WHAT YOU ARE ASKED TO DO
Lines from the one containing "134 Robinhood Kenedy, TX" through the last one in the data below: write them out word for word, and only them.

== Segment start ==

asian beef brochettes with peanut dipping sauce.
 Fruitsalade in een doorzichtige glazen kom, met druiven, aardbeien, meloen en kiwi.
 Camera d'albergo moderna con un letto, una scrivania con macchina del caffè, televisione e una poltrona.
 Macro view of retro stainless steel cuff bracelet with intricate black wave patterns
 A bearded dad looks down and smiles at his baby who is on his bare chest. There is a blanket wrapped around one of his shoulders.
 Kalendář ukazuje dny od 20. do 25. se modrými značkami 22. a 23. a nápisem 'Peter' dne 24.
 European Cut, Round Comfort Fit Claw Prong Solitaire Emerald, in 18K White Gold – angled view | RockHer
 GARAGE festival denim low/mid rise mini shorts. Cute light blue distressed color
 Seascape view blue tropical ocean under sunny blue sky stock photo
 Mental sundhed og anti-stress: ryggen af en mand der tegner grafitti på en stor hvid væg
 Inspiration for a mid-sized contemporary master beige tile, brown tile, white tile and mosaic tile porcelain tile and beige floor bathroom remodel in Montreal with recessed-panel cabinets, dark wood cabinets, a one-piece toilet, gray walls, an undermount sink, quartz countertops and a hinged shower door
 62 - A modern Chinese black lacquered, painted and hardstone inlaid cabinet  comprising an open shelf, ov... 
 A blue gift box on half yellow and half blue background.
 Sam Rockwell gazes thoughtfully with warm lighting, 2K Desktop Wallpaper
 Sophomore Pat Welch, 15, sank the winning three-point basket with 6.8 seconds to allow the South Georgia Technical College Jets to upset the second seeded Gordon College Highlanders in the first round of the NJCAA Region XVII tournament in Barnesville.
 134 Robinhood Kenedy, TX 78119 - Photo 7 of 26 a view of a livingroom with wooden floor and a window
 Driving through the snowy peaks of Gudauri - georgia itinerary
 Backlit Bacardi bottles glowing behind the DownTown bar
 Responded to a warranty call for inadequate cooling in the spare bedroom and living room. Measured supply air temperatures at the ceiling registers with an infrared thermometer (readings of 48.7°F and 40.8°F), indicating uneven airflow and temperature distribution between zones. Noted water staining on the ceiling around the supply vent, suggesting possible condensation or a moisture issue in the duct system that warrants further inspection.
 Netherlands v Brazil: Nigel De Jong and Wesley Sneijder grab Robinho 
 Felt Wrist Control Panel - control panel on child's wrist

== Segment end ==

OUTPUT FOR THIS EXERCISE
 134 Robinhood Kenedy, TX 78119 - Photo 7 of 26 a view of a livingroom with wooden floor and a window
 Driving through the snowy peaks of Gudauri - georgia itinerary
 Backlit Bacardi bottles glowing behind the DownTown bar
 Responded to a warranty call for inadequate cooling in the spare bedroom and living room. Measured supply air temperatures at the ceiling registers with an infrared thermometer (readings of 48.7°F and 40.8°F), indicating uneven airflow and temperature distribution between zones. Noted water staining on the ceiling around the supply vent, suggesting possible condensation or a moisture issue in the duct system that warrants further inspection.
 Netherlands v Brazil: Nigel De Jong and Wesley Sneijder grab Robinho 
 Felt Wrist Control Panel - control panel on child's wrist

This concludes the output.